§ What to do: From the line containing "Volkswagen lança novo" to the line containing "Как избавиться от" in the records below, set down every line exactly as it stands, both ends included, and skip the pictures.

§ Input material:
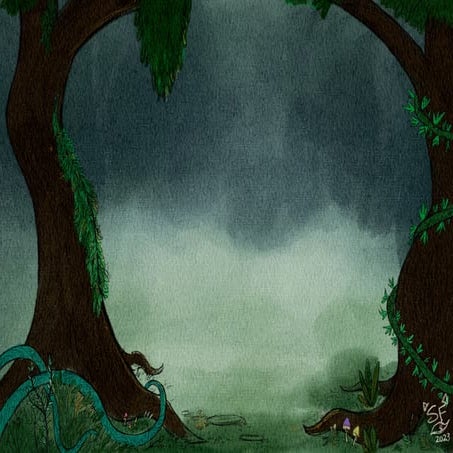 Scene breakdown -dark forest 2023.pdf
--
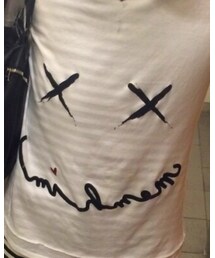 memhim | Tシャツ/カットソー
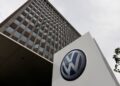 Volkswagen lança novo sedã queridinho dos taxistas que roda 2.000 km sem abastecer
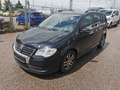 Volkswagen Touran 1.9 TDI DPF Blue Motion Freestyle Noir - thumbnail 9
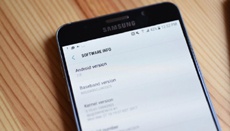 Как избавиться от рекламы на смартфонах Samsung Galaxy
...
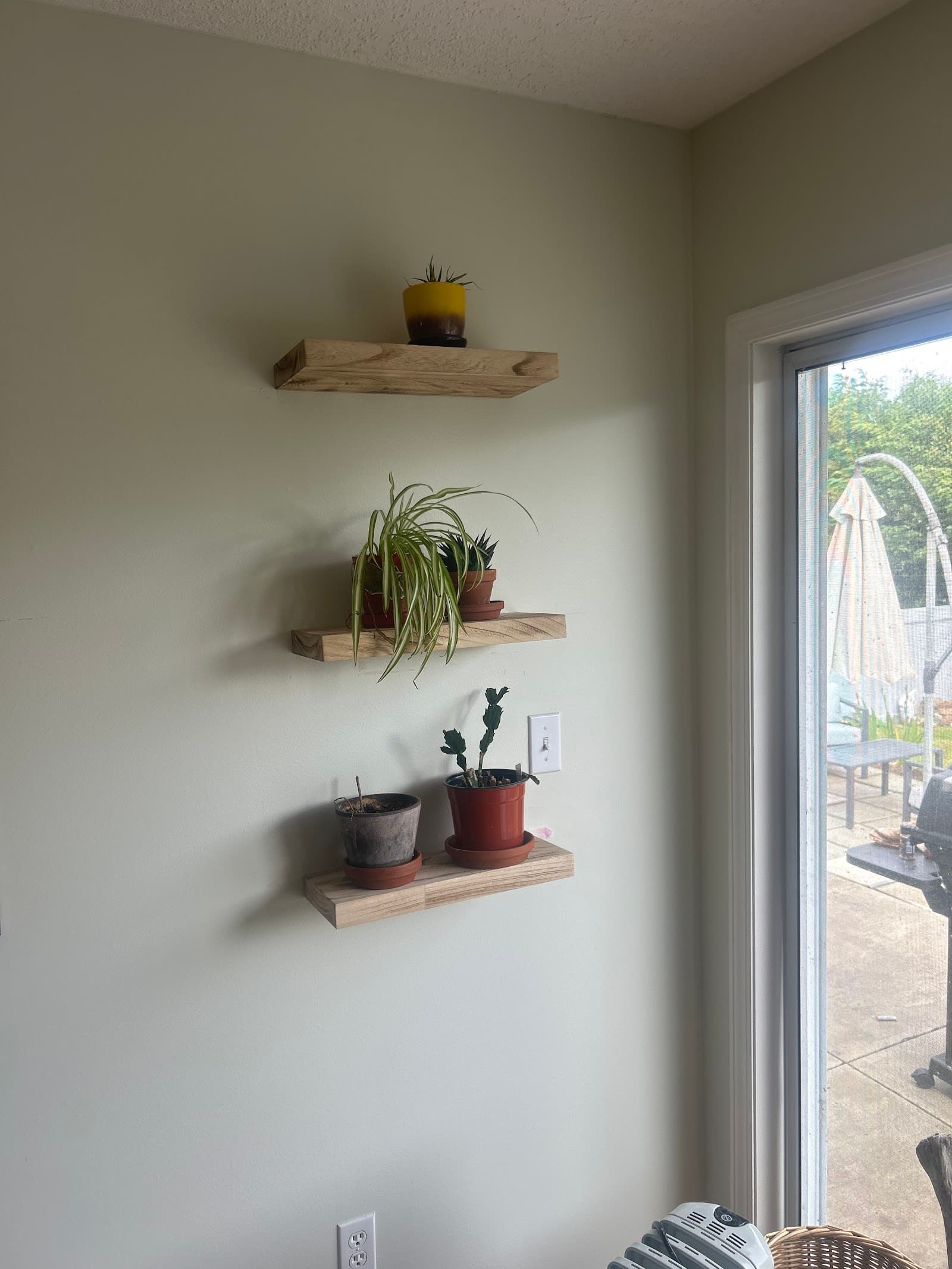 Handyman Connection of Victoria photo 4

§ Your response:
 Volkswagen lança novo sedã queridinho dos taxistas que roda 2.000 km sem abastecer
 Volkswagen Touran 1.9 TDI DPF Blue Motion Freestyle Noir - thumbnail 9
 Как избавиться от рекламы на смартфонах Samsung Galaxy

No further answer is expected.